Nos queda el tema más peliagudo de todos:
los hijos. Los de nuestra generación alargamos la paternidad hasta edades anti
natura. Convertidos en padres-abuelos, los niños nos pillan con menos fuerza,
en medio de una crisis existencial de aúpa y con mucha menos paciencia y
aguante. Por no decir que somos una generación con el ego subido, lo que casa
regular con la renuncia a tantas cosas que supone la paternidad. No estoy
autorizada a quejarme de lo fatal que nuestra generación está educando a sus
hijos porque pertenezco al clan de los no padres, lo que tampoco es un chollo.

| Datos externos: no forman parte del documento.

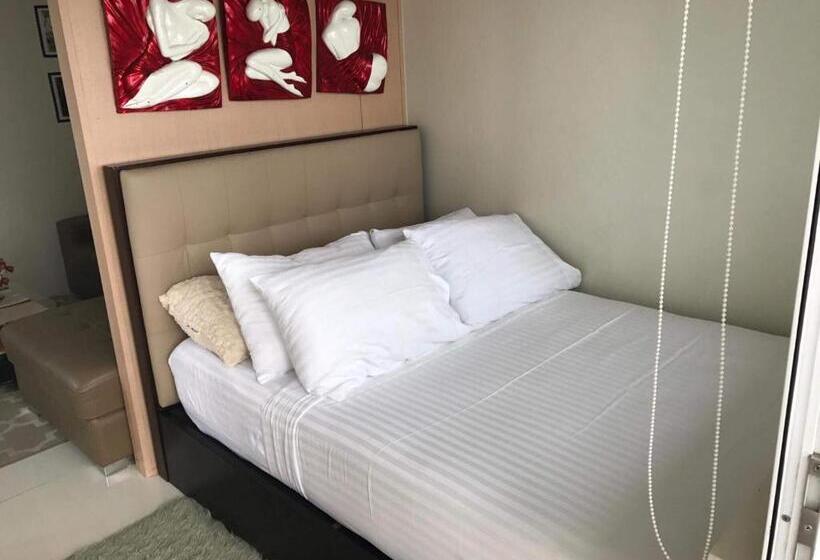 Standard studio with lake view, A&b Condo At Smdc Wind Residences Tagaytay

Las circunstancias de la ausencia de hijos son muy diversas y si un hombre que
opta por no ser padre es tachado de egoísta, una mujer que toma esa decisión es
vista no mucho mejor que un asesino en serie. Un tema que parece dar derecho a
juzgar a cualquiera es precisamente el hecho de haber llegado a los cuarenta
sin churumbeles, “sin familia” dicen algunos. ¿¿Cómo que yo no tengo familia?? Por
no hablar de cómo se quedan descolgadas las parejas sin hijos de las parejas
amigas que sí los tienen. Los que han sido amigos del alma durante décadas
pasan a habitar diferentes planetas. Las amigas madres se infantilizan, las
amigas sin hijos parecen unas rancias… Con hijos pequeños se apaga el deseo, el
sexo se da a la fuga y los gustos y aficiones propios ya no tienen sitio. Aún
así muchos cuarentones se lanzan con ilusión por el vertiginoso tobogán de la
paternidad, que un niño siempre es una bendición y tal y tal...
Menudo panorama. Pues todo esto y mucho más
es lo que refleja con buen humor y buena mano Baumbach, director de la
deliciosa ‘Frances Ha’, que reseñamos el año pasado en este blog. Y ustedes,
amigos, disfruten de su “edad del pavazo”.